[Exercise]: Return copies of the lines below that mention "Image".

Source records

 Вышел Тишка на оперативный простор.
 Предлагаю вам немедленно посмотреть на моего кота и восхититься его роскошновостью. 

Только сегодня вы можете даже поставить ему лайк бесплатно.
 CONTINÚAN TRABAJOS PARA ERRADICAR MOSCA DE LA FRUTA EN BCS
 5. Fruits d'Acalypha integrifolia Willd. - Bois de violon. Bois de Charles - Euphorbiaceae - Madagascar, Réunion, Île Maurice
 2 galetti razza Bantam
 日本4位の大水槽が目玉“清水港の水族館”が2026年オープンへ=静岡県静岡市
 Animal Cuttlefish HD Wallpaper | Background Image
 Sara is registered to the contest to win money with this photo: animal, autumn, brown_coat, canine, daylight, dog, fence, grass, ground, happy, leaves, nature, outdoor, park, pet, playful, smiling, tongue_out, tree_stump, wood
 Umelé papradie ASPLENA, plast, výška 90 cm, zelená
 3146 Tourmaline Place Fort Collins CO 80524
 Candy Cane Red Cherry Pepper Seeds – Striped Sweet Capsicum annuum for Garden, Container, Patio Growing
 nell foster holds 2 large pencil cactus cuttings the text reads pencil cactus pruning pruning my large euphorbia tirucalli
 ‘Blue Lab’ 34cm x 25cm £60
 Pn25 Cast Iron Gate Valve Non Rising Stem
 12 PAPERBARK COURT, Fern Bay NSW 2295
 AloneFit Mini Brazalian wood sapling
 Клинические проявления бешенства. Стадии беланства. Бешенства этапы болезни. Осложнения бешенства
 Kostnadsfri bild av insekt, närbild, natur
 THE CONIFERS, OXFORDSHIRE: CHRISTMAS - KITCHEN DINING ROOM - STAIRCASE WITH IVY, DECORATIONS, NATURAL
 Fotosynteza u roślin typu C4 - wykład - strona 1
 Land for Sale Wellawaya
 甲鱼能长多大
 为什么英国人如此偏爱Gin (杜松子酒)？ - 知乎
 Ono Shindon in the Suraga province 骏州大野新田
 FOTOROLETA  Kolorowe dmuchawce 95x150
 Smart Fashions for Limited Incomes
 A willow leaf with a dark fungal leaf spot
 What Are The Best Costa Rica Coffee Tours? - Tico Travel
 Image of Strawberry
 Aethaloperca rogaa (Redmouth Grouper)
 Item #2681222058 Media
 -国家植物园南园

[Written solution]:
 Animal Cuttlefish HD Wallpaper | Background Image
 Image of Strawberry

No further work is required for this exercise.